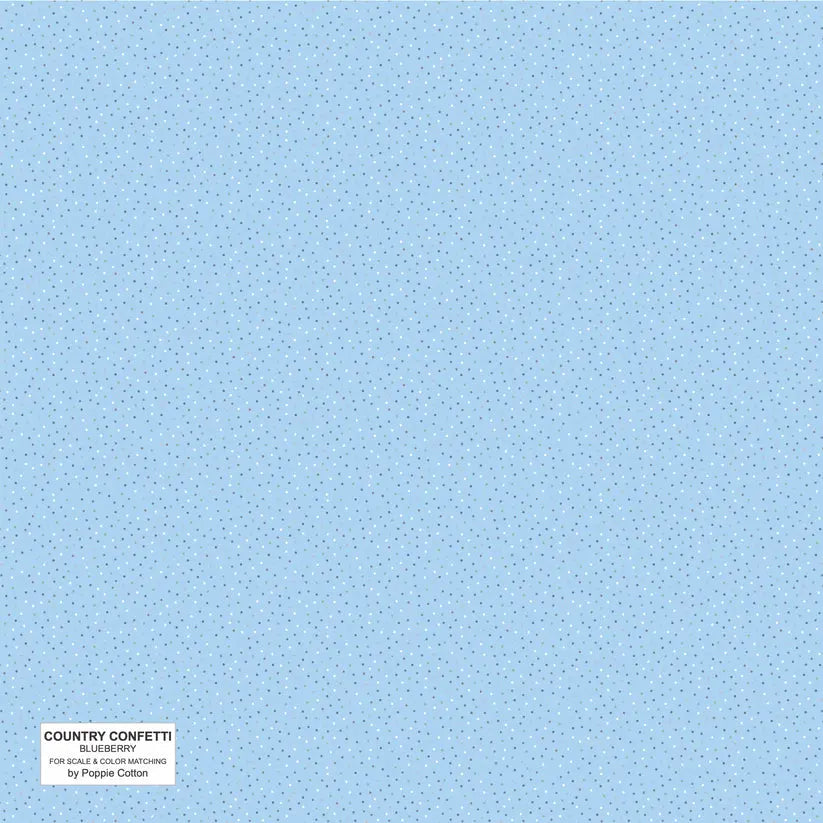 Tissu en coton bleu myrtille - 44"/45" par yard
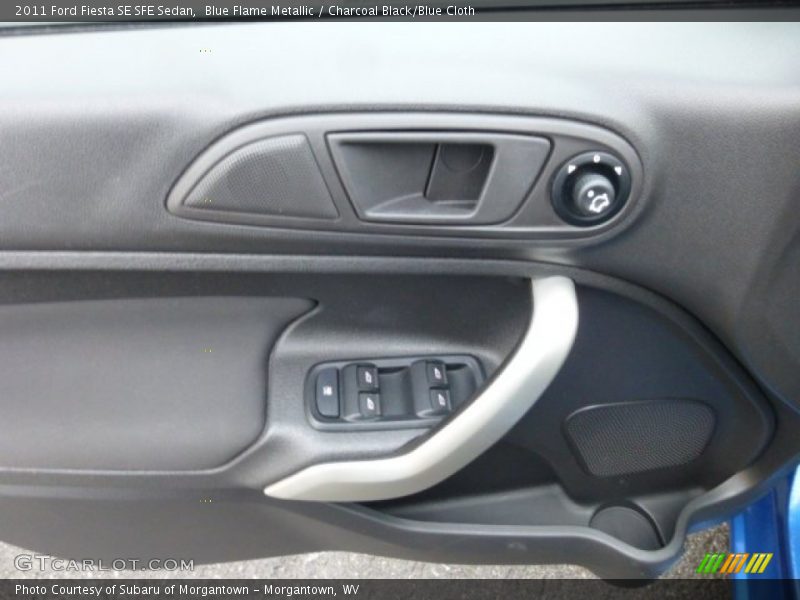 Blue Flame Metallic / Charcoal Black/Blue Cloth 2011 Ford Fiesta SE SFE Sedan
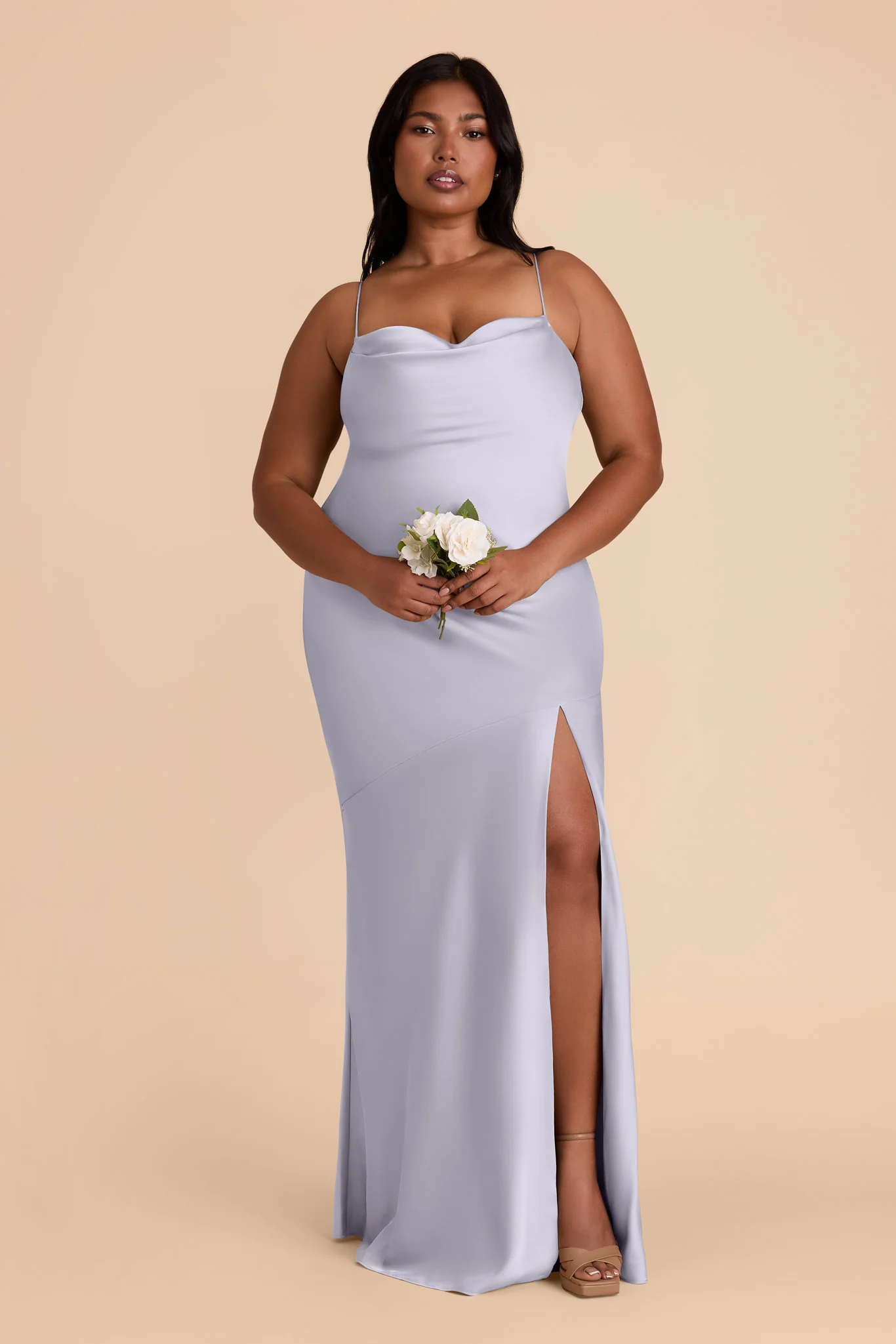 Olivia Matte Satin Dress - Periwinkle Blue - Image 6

⁂

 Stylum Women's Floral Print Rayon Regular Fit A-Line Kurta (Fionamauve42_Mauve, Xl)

⁂

Work to complete — What do the entries above read from the line containing "Blue Flame Metallic" through the line containing "Olivia Matte Satin"? Output those lines exactly, both ends included, with the pictures left out.

Solution for this problem —
 Blue Flame Metallic / Charcoal Black/Blue Cloth 2011 Ford Fiesta SE SFE Sedan
 Olivia Matte Satin Dress - Periwinkle Blue - Image 6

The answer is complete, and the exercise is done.